Monday, August 1, 2016

Feedback: The Sound of Silence

**Reflection post for UDL course, How would student feedback be useful?

In the classic song, "The Sound of Silence", Simon and Garfunkel sing about "people talking without speaking" and "people hearing without listening."  Their message a few lyrics later?  They don't want the only sound to be the sound of silence.  They sing "hear my words that I might teach you, hear my words that I might reach you."

Why did this song pop in my mind when I started thinking about student feedback?  Well, probably because I don't think it's an area that we have really addressed and tapped into as educators.  When you ask teachers if they take feedback from their students...sometimes you get a blank stare and the sound of silence.  For some reason, feedback for many of us humans is a tough pill to swallow.  It's not everyone's favorite activity...to have someone come into your classroom and watch you work.  We get nervous.  We think about making the wrong move or saying the wrong move and then because we thought that, we get ourselves all flustered in the middle of a lesson that we normally had no problem doing.

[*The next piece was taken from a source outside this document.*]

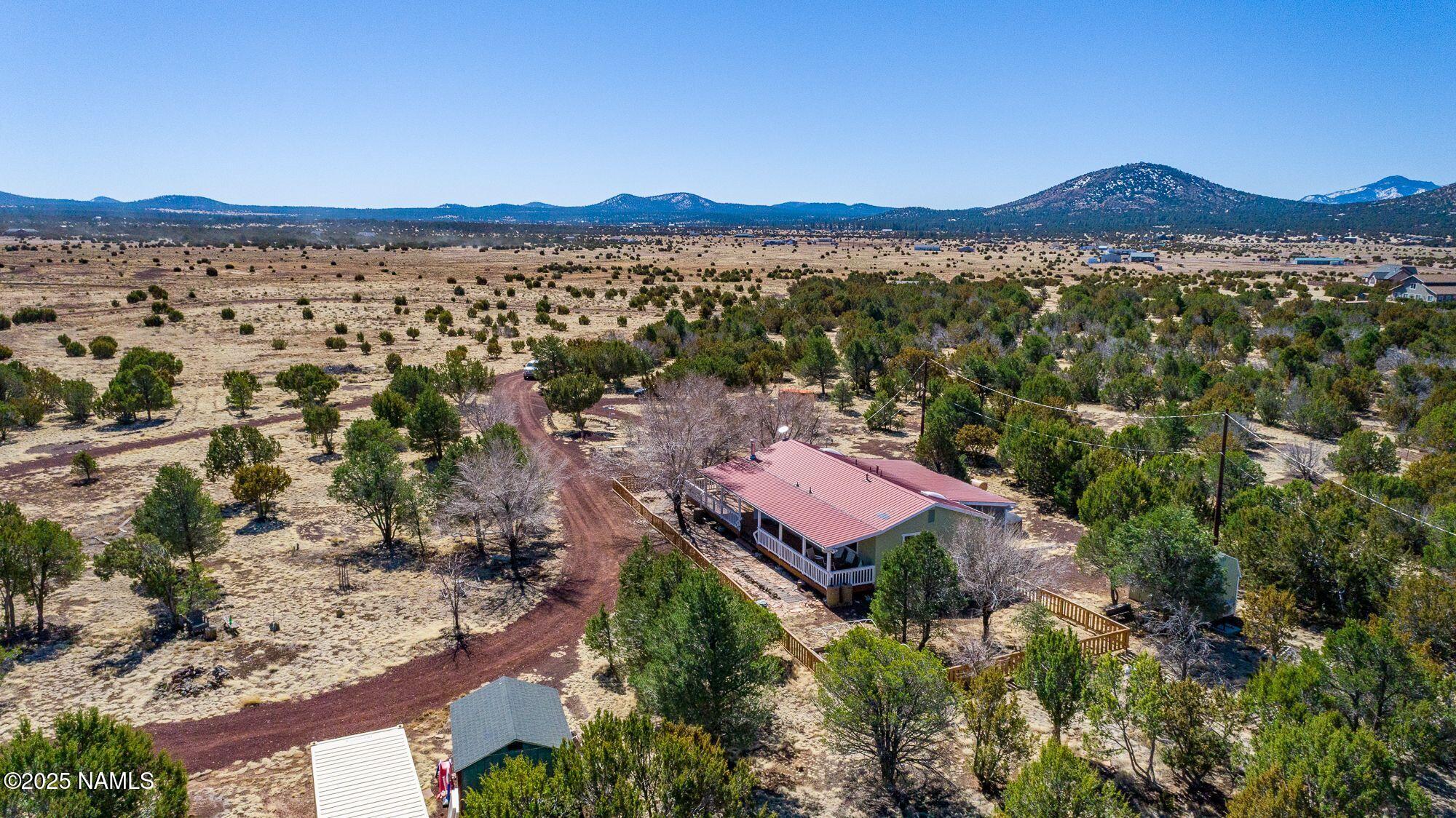 2193 East Utopia Trail Williams, AZ 86046 - Photo 54 of 54 54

Here's the thing.  You have a lot of someones watching you work everyday.  Even if their eyes aren't always on you, they are usually listening.  And we all know how brutally honest they can be!  Since it is our students who are with us day in and day out, they should be the ones to give us honest feedback.  They should be the ones to help us improve.  It's their future on the line, and if we aren't doing what's best for them, if they aren't hearing us or we aren't reaching them, then we need to know that and make improvements.

Think about this.  If one teacher asks her students for feedback, makes changes and improves her teaching, that class benefits.  If all of the teachers in the school ask for student feedback, make changes and improve, then the whole school benefits.  Teachers improve.  Students improve.  Teaching improves.  Learning improves.  Seems pretty simple to me.